About this task = Please reproduce all the data exactly as written and omit the pictures.

START Source data

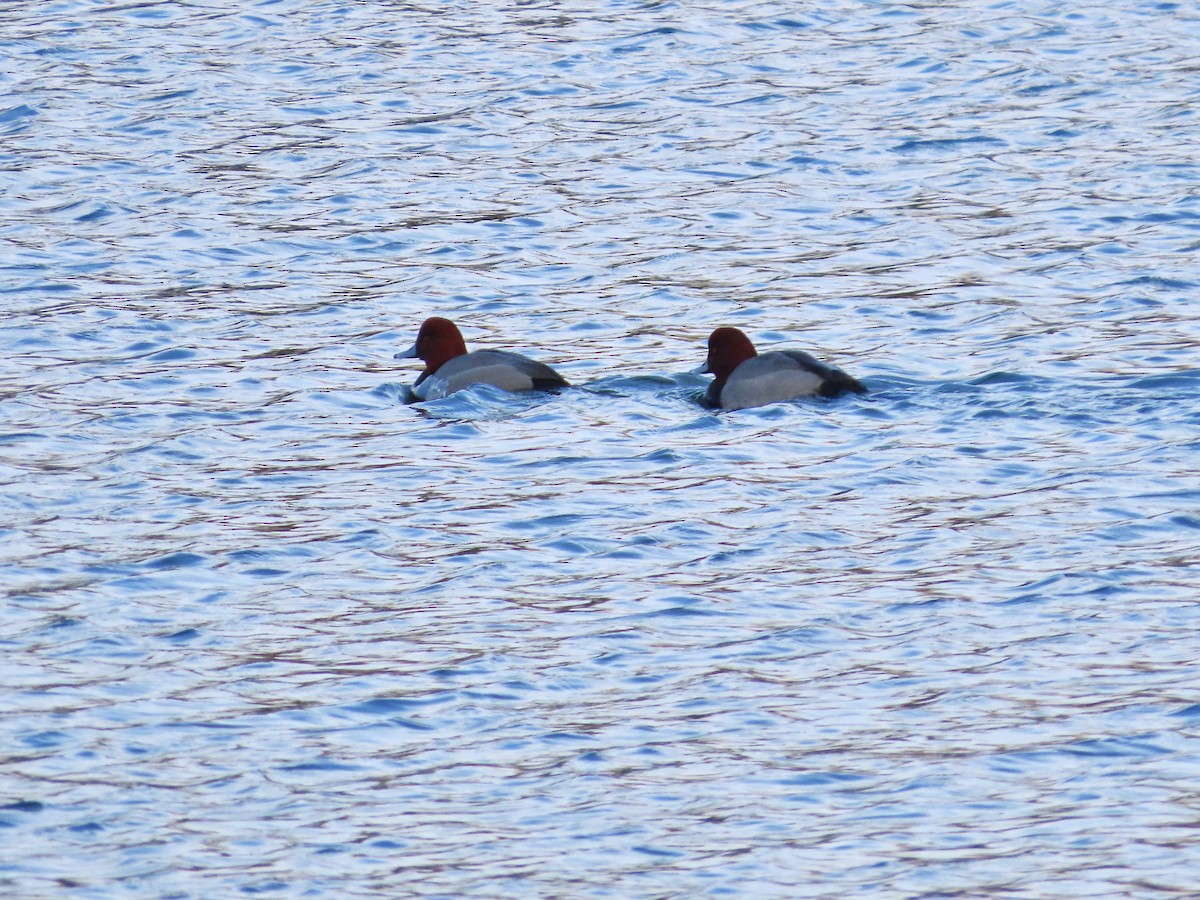 צולל אמריקני - ML646451297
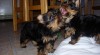 13 týdnů stará šálek Yorkie štěňata pro přijetí 461515_t.jpg
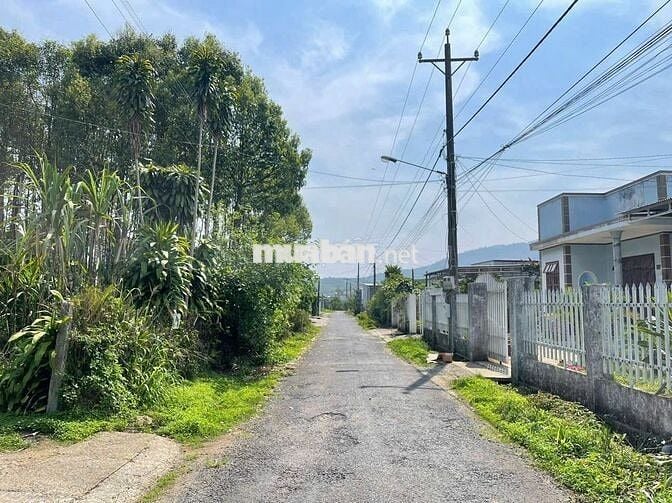 NHÀ SÂN VƯỜN BẢO LỘC - ĐƯỜNG NGÔ TẤT TỐ - DT: 560M2 (10MX56M) - 100 TC
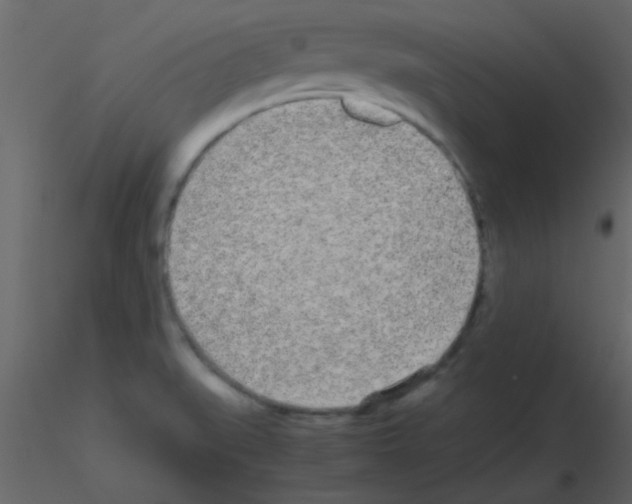 X0000115741519200912241636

END Source data

Answer =
 צולל אמריקני - ML646451297
 13 týdnů stará šálek Yorkie štěňata pro přijetí 461515_t.jpg
 NHÀ SÂN VƯỜN BẢO LỘC - ĐƯỜNG NGÔ TẤT TỐ - DT: 560M2 (10MX56M) - 100 TC
 X0000115741519200912241636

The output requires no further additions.